Powerviolence, grindcore and fastcore are thinner on the ground locally. The Oslo natives are Higgs Boson, the city’s PV OGs, and Avgrundsljud, who Antonio calls “a crusty grind bulldozer.” For more, you have to travel. Tower in Tønsberg, Tæl’s best friends and Antonio’s pick for best riffs in the country, sit at the top of his list. Makkmat in Bergen, with members of the legendary Livstid, sit a little further north. Kobol all the way up by the Arctic Circle, who he calls “insanely underrated.”

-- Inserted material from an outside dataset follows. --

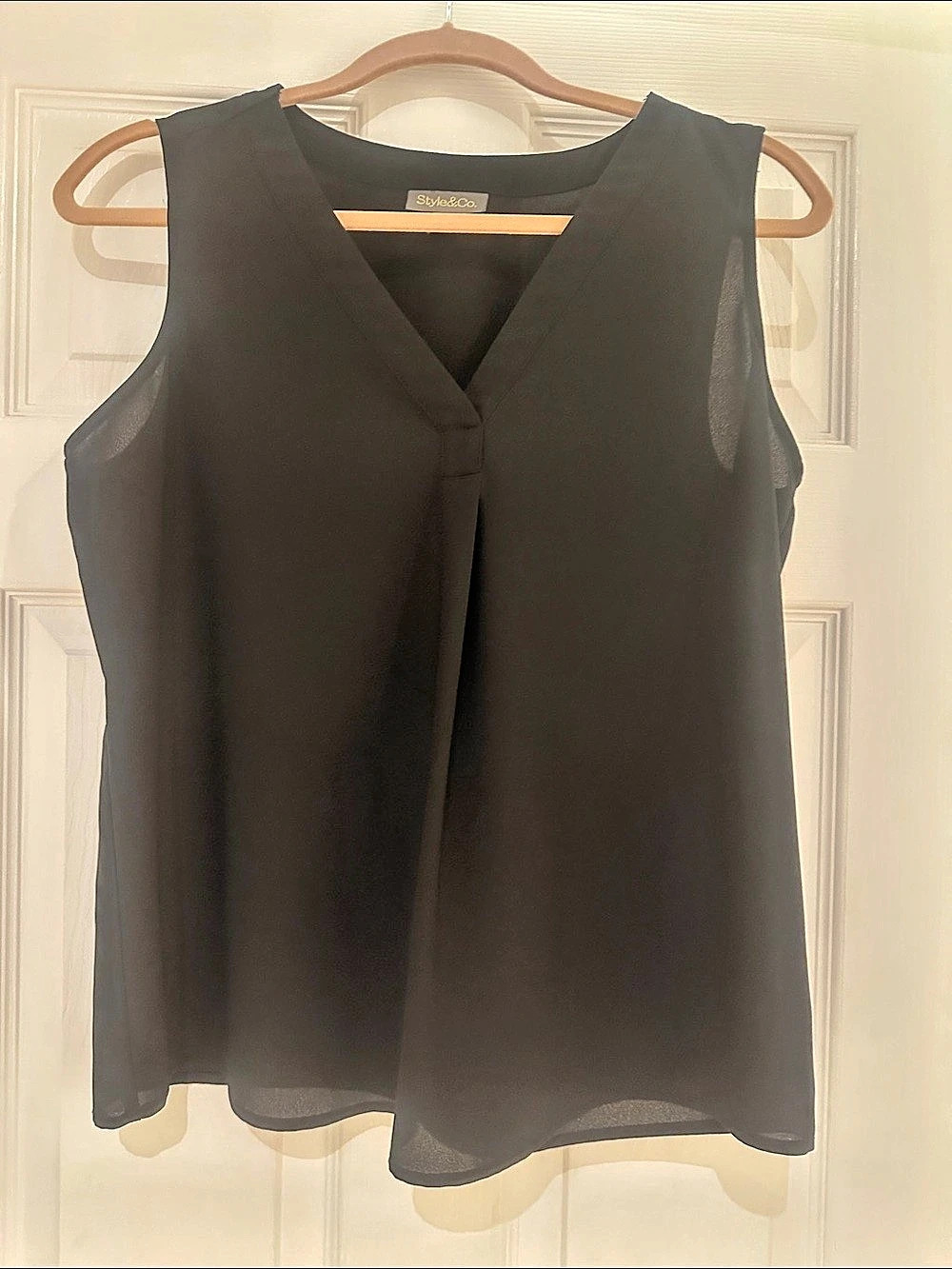 Style&Co Black V-Neck Blouse Like New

The new album came together through a messy stretch. Tæl have churned through several lineups since their last record, and Antonio is the only one left from the original three-piece.
New drummer Magnus had basically never played a blast beat before joining the band. They worked through an adaptation period. Antonio calls it a blessing in disguise. “He adds a lot of hardcore punk feeling on the fills, the accents, the transitions between riffs, and it doesn’t feel so straightforward.”

The shrink from a three-piece to a duo also left Antonio handling vocals on top of bass, in Norwegian, which isn’t his first language. “There are grammar and pronunciation mistakes in the lyrics, since it’s not my native language,” he says, “but it’s honest. I didn’t want to change the language of the band, and took it as an exercise to improve.”
The physical edition got serious attention. The release comes on transparent vinyl with a screenprinted B-side, plus a zine packed with lyrics, translations, song-by-song explanations and an illustration for each track.

Antonio handled the artwork himself. “Sometimes there’s a lot to convey in 30 seconds of screams and blast beats,” he says, “so it feels nice to have a little extra space to speak your mind, and also to give something nice to the people who spend their money on the album.”

The vinyl is going out across seven labels: Here and Now Records (Italy), Loner Cult (Belgium), Global Help Records (Spain), ZAS Autoproduzioni (Italy), Producciones Tudancas (Spain), Throne of Lies (USA) and I Feel Good Records (France). Esagoya Records handle the CD in Japan. The cassette is self-released.